**TASK OBJECTIVE:**
Which lines of the entries below contain the string "World"? Copy each one.

Scraped caption text data

╔══

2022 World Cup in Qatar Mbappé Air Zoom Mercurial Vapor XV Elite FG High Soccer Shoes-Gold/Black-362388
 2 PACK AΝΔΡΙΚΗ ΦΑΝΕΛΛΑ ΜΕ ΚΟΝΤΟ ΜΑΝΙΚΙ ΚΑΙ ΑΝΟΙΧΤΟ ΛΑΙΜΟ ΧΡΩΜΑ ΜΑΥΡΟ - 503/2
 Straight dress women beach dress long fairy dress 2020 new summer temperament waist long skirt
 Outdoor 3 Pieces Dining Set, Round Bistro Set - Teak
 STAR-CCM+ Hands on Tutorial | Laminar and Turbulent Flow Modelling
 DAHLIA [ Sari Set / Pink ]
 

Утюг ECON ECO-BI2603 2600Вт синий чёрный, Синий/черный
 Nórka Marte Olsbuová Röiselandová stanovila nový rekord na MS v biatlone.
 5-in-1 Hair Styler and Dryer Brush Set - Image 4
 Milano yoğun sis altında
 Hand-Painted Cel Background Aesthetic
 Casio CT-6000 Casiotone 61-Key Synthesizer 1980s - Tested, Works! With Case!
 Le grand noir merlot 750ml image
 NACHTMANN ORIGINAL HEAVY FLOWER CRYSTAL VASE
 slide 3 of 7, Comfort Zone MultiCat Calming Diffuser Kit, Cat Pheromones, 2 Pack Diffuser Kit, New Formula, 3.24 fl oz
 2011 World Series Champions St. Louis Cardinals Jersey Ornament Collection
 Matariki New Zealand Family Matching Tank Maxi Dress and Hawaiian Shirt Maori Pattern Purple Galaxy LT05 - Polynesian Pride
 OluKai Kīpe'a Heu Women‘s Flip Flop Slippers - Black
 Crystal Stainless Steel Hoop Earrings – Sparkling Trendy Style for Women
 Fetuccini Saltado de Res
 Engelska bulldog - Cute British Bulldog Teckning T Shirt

╚══

**EXERCISE OUTPUT:**
2022 World Cup in Qatar Mbappé Air Zoom Mercurial Vapor XV Elite FG High Soccer Shoes-Gold/Black-362388
 2011 World Series Champions St. Louis Cardinals Jersey Ornament Collection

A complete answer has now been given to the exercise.